Image-caption web data
______

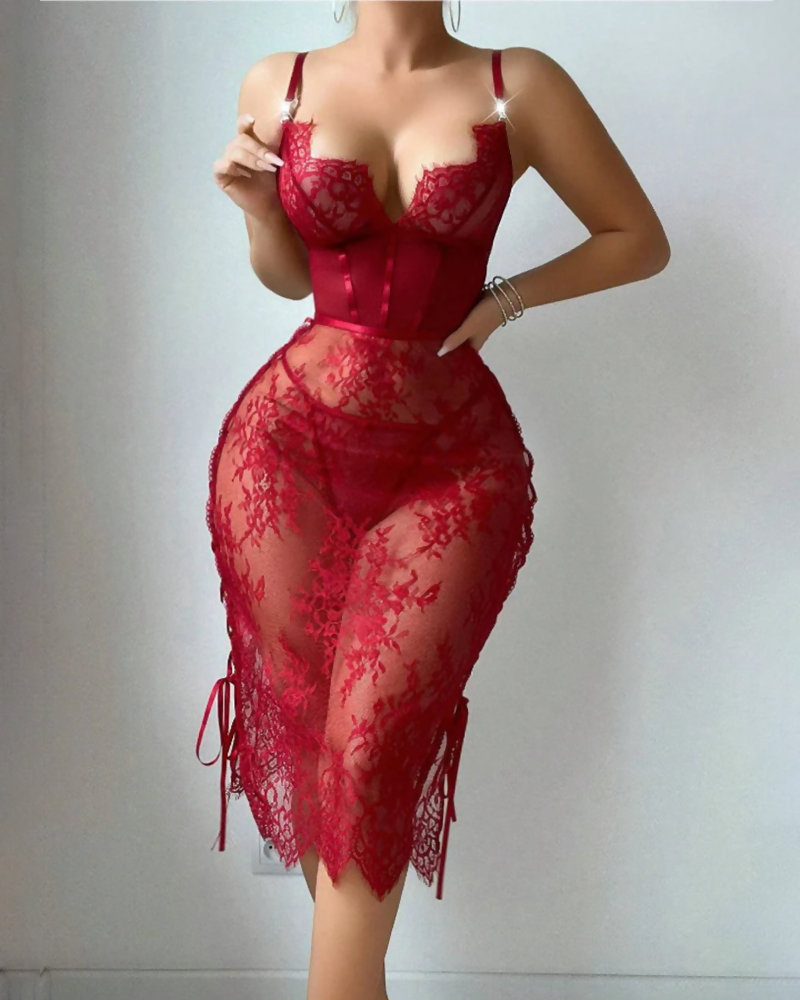 Sexy Lace Cutout Lace-Up Bodycon Babydoll Lingerie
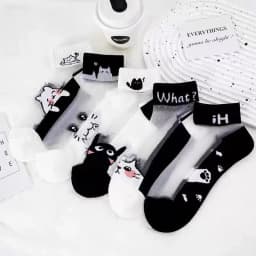 5 Pairs of Cute Cat Fashion Iadies Casual Short Socks 5 Pairs of Cute Cat Fashion Iadies Casual Short Socks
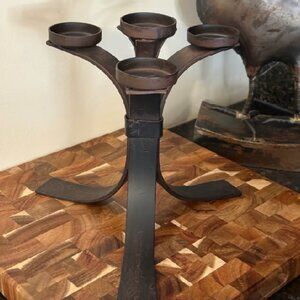 Pottery Barn Bronze Votive Candle Holder | 10” Centerpiece, Holds 4 Candles
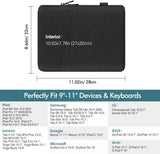 MoKo 9-11 Inch Tablet Sleeve Fits iPad air 5 10.9" 2022, iPad Pro 11 2021-2018, iPad 9/8/7th Gen 10.2, iPad Air 4 10.9, iPad Air 3 10.5, iPad 9.7, Tab A 10.1, Polyester Bag with Pocket, Black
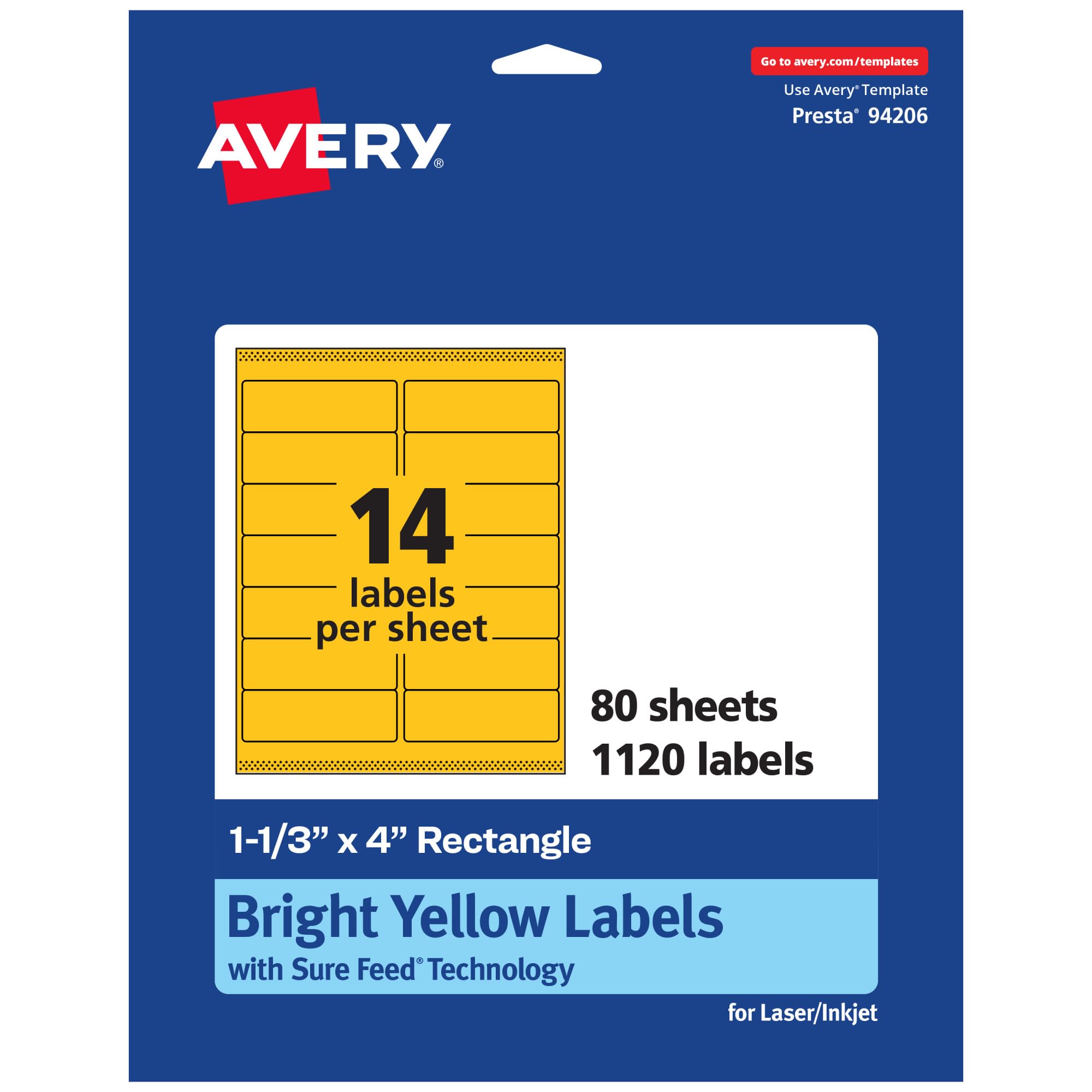 Avery Printable Rectangle Labels, Sure Feed Technology, 1-1/3" x 4", Bright Yellow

______

The task calls for duplicating the data exactly, with no images kept.

• [Result for this task]:
 Sexy Lace Cutout Lace-Up Bodycon Babydoll Lingerie
 5 Pairs of Cute Cat Fashion Iadies Casual Short Socks 5 Pairs of Cute Cat Fashion Iadies Casual Short Socks
 Pottery Barn Bronze Votive Candle Holder | 10” Centerpiece, Holds 4 Candles
 MoKo 9-11 Inch Tablet Sleeve Fits iPad air 5 10.9" 2022, iPad Pro 11 2021-2018, iPad 9/8/7th Gen 10.2, iPad Air 4 10.9, iPad Air 3 10.5, iPad 9.7, Tab A 10.1, Polyester Bag with Pocket, Black
 Avery Printable Rectangle Labels, Sure Feed Technology, 1-1/3" x 4", Bright Yellow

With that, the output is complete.